* [Task description]
Under this line is a listing; return exactly the lines starting at the one with "Used Ford Fiesta" and running down to the one with "1 black and white stitched suit", and leave out its pictures.

* [Data records]
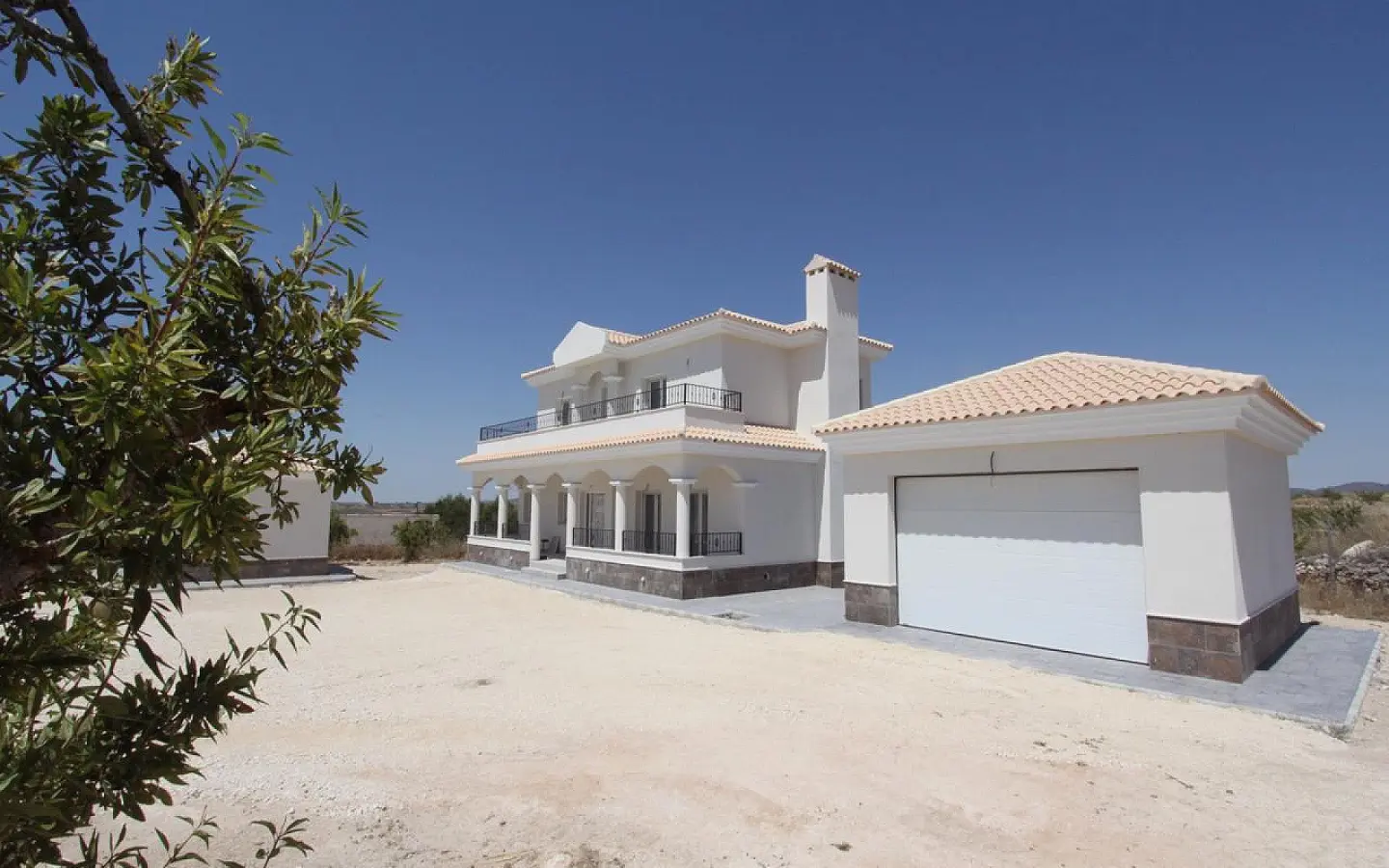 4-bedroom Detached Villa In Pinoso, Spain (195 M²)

---

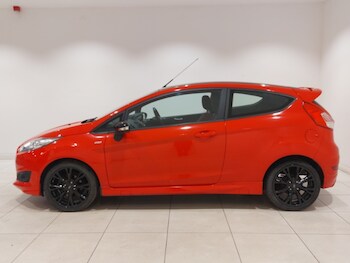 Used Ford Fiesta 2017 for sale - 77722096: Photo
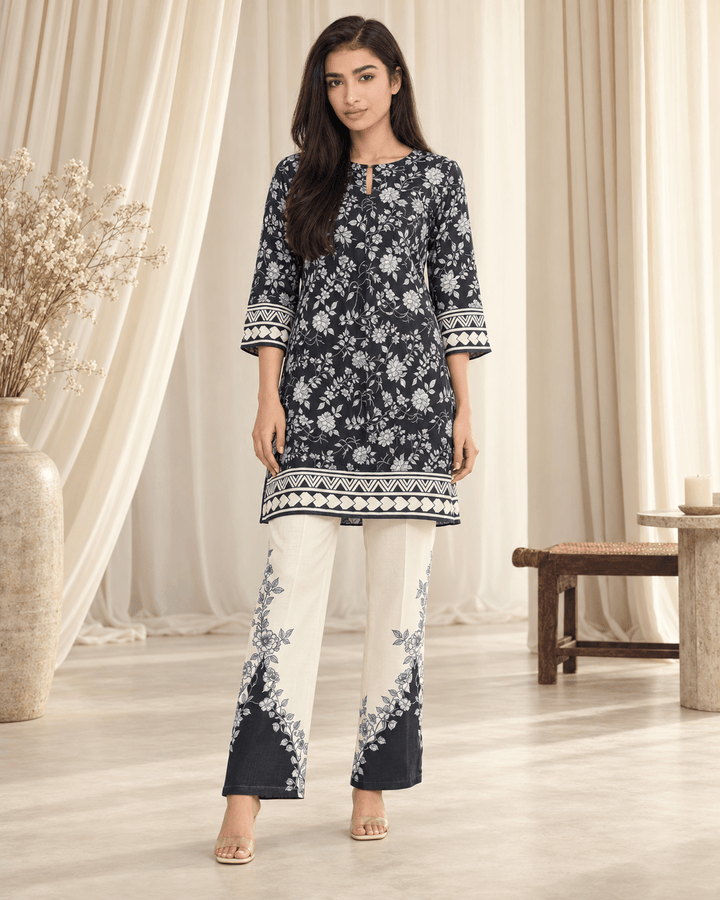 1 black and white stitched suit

* [Expected answer]
 Used Ford Fiesta 2017 for sale - 77722096: Photo
 1 black and white stitched suit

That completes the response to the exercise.